Он и позабыл о том, что поравнялся со своим приятелем.
— Нам надо сделать привал, — ответил Сетьюд, не желая рассказывать Аргию о том, что находится в его карманах.
Похоже, Аргий в этом не был согласен со своим другом.
— Они еще могут гнаться за нами, — трусил толстяк.
"Могут", — подумал Флавиан, но все же им нужно было сделать привал.
— Лошади взмыленные, если мы не остановимся — то загоним лошадей, им надо щипать траву, а ночь столь темна, что ненароком угодишь в овраг.
Аргументы Сетьюда подействовали на его спутника и Аргий натянув кожаные поводья остановил Звездочку. Он молча кивнул, на этом соглашаясь с другом и встав на стремя левой ногой, слез со своей лошади, которая с легкостью сливалась с темнотой. Выдавало Звездочку лишь ее многочисленные, но очень мелкие пятна, хаотично разбросанные по всему телу. Пепельная грива была столь черной, что даже с расстояния в несколько локтей ее трудно было различить.

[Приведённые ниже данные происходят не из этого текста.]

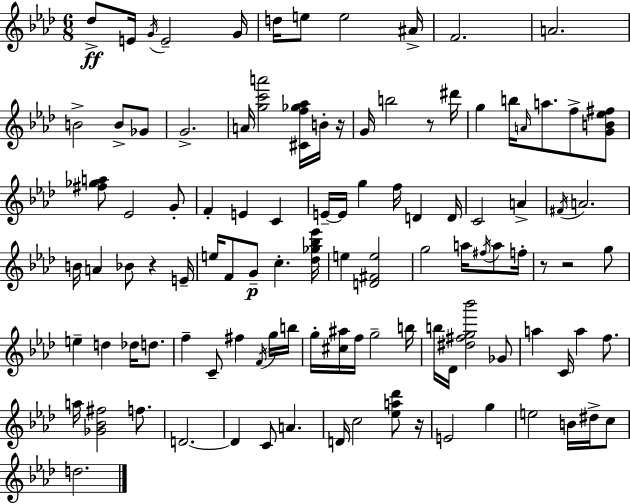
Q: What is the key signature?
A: AES major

— Только я все равно не усну, — покачал головой Аргий. — У меня перед глазами стоит наша деревня. И те чудовища на черных лошадях.
Флавиан последовал примеру приятеля. Сетьюд боялся ничуть не меньше своего друга, он повернул голову и вглядывался в безграничный горизонт, сквозь вековые деревья, обросшие кустарником и ягодами, пытаясь разглядеть место, откуда они приехали. Но стоило проскакать больше двух часов, тем более в такую ночную темень, и они попросту потерялись на местности. Трудно было разобрать откуда приехали эти двое заплутавших пастухов, важно лишь было то, что они оторвались от своих таинственных преследователей. По крайней мере за их спиной шелестела лишь трава, волнуемая ночной прохладой и дубовые ветви, которые в некоторых участках леса переплетались с душистыми дикими яблонями.
"Если я расскажу тебе про печати, что ты мне ответишь на это, друг?" — Флавиан хотел было поделиться со своим другом той тягостью, которую на него наложил мальчик с Морского востока.
Это тайна легла на его душу тяжким грузом, его сердце придавило исполинским камнем. Но Флавиан молчал, держал язык за зубами, хотя из души пробивались его собственные крики о помощи.
Лошади оценили привал и тогда они начали пощипывать низкорослую лесную травку, обгладывая каждый корешок, взмыленные и усталые, они крутили своим хвостом и отгоняли от себя ночных назойливых мух, а комары воспользовались остановкой путников в своих целях. Здесь их было очень много
Тело отказывало Флавиану. Он с трудом слез с лошади и принялся разминаться. Шея, ноги и спина затекли от рутинной скачки, от самого Утворта до здешнего леса. Сетьюд был без перчаток, посему натер себе между пальцев мозоли от поводьев, копчик саднил так сильно, словно он разваливался на части. Потянувши руки вверх, Флавиан услышал, как захрустели его кости.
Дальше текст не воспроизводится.